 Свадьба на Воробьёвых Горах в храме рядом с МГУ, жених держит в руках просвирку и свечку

==

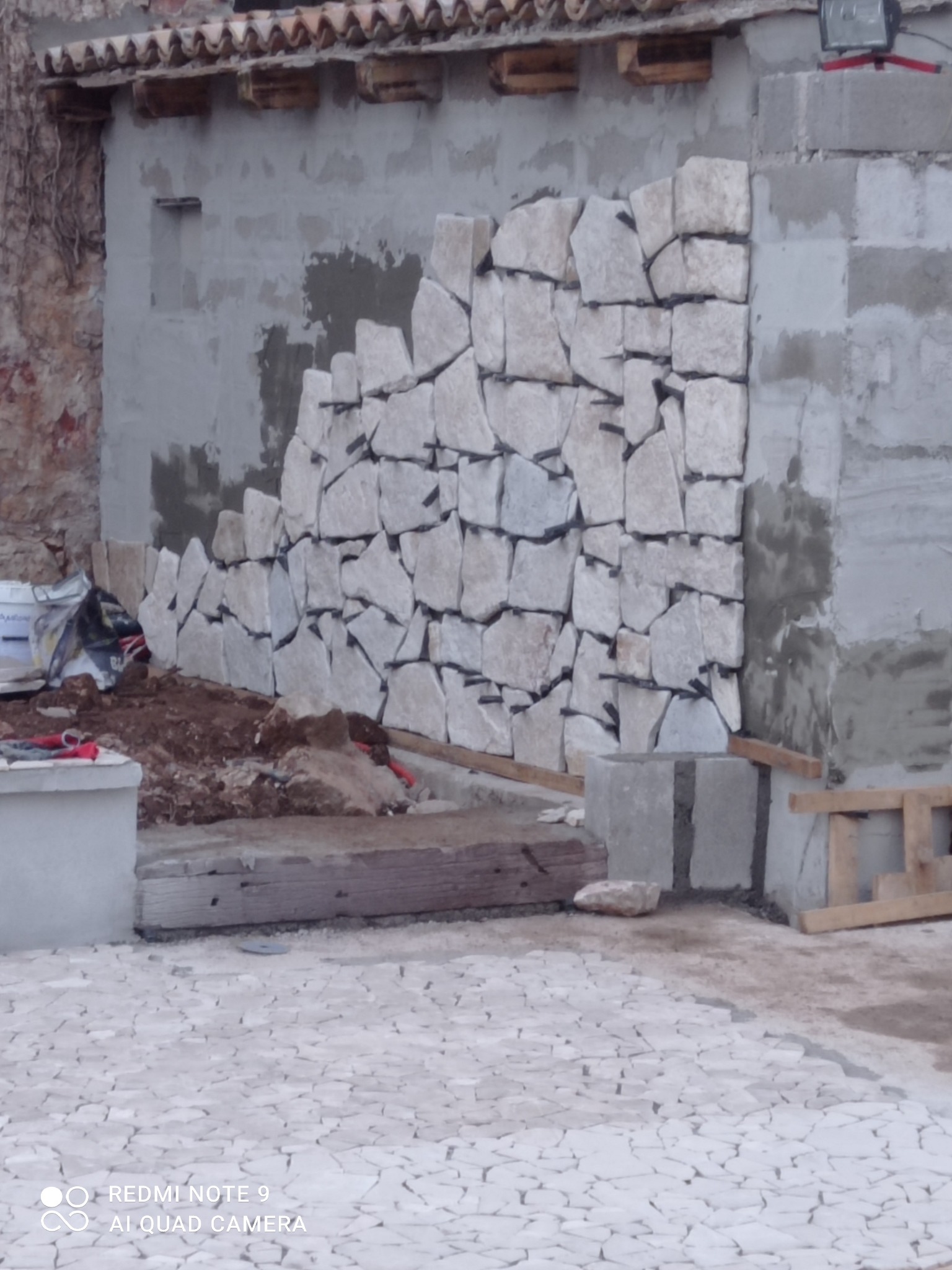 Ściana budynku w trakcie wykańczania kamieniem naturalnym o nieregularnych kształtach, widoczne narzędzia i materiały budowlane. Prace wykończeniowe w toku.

* * *

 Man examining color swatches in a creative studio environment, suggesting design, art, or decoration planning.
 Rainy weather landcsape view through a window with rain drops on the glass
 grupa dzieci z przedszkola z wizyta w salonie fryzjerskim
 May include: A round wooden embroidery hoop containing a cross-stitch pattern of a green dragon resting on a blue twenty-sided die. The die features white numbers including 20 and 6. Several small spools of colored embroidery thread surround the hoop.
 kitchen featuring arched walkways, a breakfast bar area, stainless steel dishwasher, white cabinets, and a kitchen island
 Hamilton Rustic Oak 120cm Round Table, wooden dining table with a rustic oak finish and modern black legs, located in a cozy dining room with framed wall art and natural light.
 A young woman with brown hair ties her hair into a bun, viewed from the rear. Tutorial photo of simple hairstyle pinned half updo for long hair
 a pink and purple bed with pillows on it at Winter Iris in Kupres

» **WHAT IS BEING ASKED**: Your answer should be the lines above, from the line containing "kitchen featuring arched" up to and including the line containing "a pink and purple", reproduced exactly and with nothing else.

» **FINISHED EXERCISE**:
 kitchen featuring arched walkways, a breakfast bar area, stainless steel dishwasher, white cabinets, and a kitchen island
 Hamilton Rustic Oak 120cm Round Table, wooden dining table with a rustic oak finish and modern black legs, located in a cozy dining room with framed wall art and natural light.
 A young woman with brown hair ties her hair into a bun, viewed from the rear. Tutorial photo of simple hairstyle pinned half updo for long hair
 a pink and purple bed with pillows on it at Winter Iris in Kupres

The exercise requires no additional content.